OptimizedClearValue ClearValues[4];
 
// Color
ClearValues[0].Color[0] = 0.f;
ClearValues[0].Color[1] = 0.f;
ClearValues[0].Color[2] = 0.f;
ClearValues[0].Color[3] = 0.f;
 
// Depth Z
ClearValues[1].Color[0] = 1.f;
ClearValues[1].Color[1] = 1.f;
ClearValues[1].Color[2] = 1.f;
ClearValues[1].Color[3] = 1.f;
 
// Depth buffer
ClearValues[2].DepthStencil.Depth = 1.f;
 
// Final color buffer
ClearValues[3].Color[0] = 0.0625f;
ClearValues[3].Color[1] = 0.0625f;
ClearValues[3].Color[2] = 0.0625f;
ClearValues[3].Color[3] = 0.f;
 
RPBeginInfo.pClearValues        = ClearValues;
RPBeginInfo.ClearValueCount     = _countof(ClearValues);
RPBeginInfo.StateTransitionMode = RESOURCE_STATE_TRANSITION_MODE_TRANSITION;
m_pImmediateContext->BeginRenderPass(RPBeginInfo);

In the first subpass of our render pass, we render the scene. Then we call NextSubpass to move to the lighting subpass and draw the lights.

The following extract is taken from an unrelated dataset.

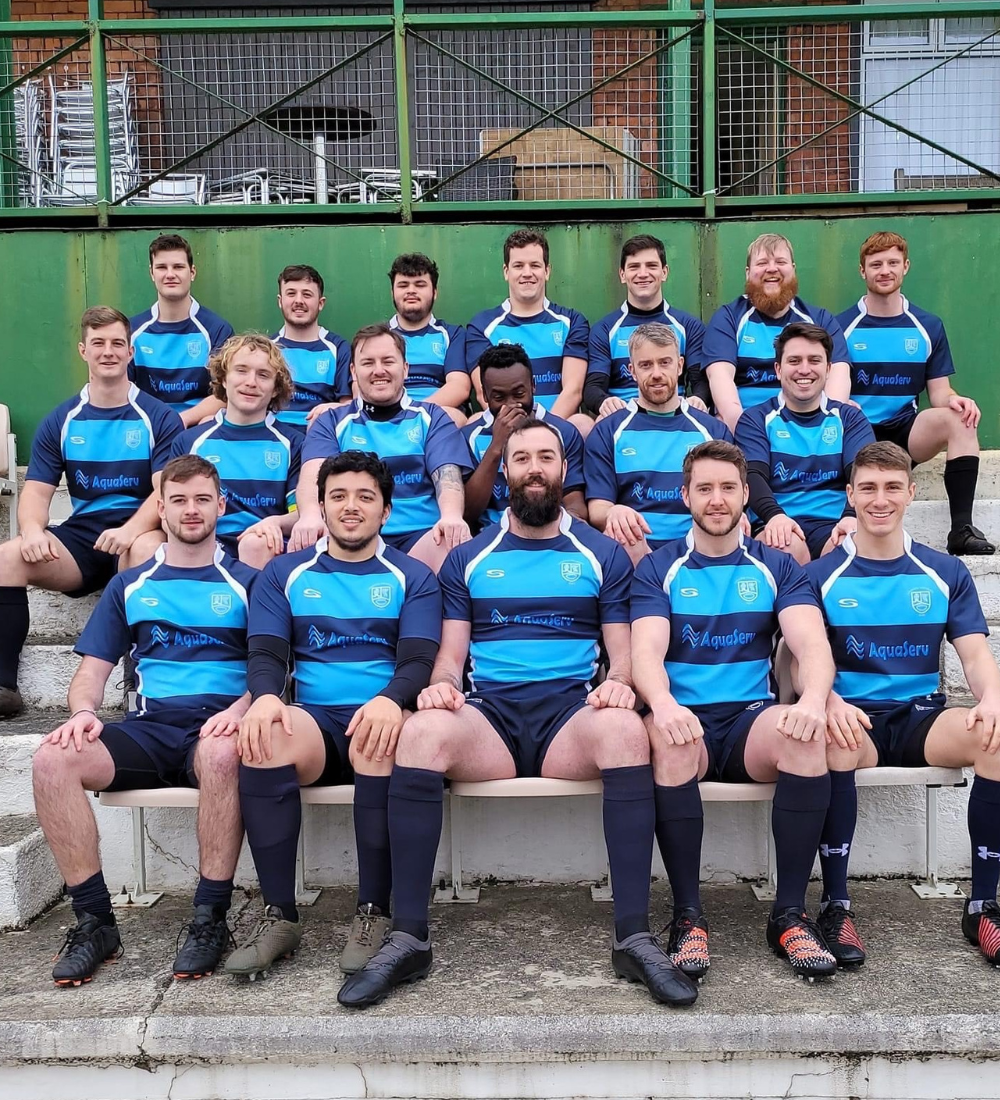 Team photo of Liverpool Collegiate Rugby Club in blue kit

Finally, we call EndRenderPass to finish the render pass:

m_pImmediateContext->BeginRenderPass(RPBeginInfo);
DrawScene();
m_pImmediateContext->NextSubpass();
ApplyLighting();
m_pImmediateContext->EndRenderPass();

A very important aspect of render passes that needs to be mentioned again is that state transitions are not allowed between BeginRenderPass and EndRenderPass calls. The tutorial explicitly transitions all resources it uses to correct state during the initialization:

StateTransitionDesc Barriers[] =
{
    {m_pShaderConstantsCB, RESOURCE_STATE_UNKNOWN, RESOURCE_STATE_CONSTANT_BUFFER, true},
    {m_CubeVertexBuffer, RESOURCE_STATE_UNKNOWN, RESOURCE_STATE_VERTEX_BUFFER, true},
    {m_CubeIndexBuffer, RESOURCE_STATE_UNKNOWN, RESOURCE_STATE_INDEX_BUFFER, true},
    {m_pLightsBuffer, RESOURCE_STATE_UNKNOWN, RESOURCE_STATE_VERTEX_BUFFER, true},
    {m_CubeTextureSRV->GetTexture(), RESOURCE_STATE_UNKNOWN, RESOURCE_STATE_SHADER_RESOURCE, true} //
};
m_pImmediateContext->TransitionResourceStates(_countof(Barriers), Barriers);

and then uses RESOURCE_STATE_TRANSITION_MODE_VERIFY mode with every call that requires state transition mode.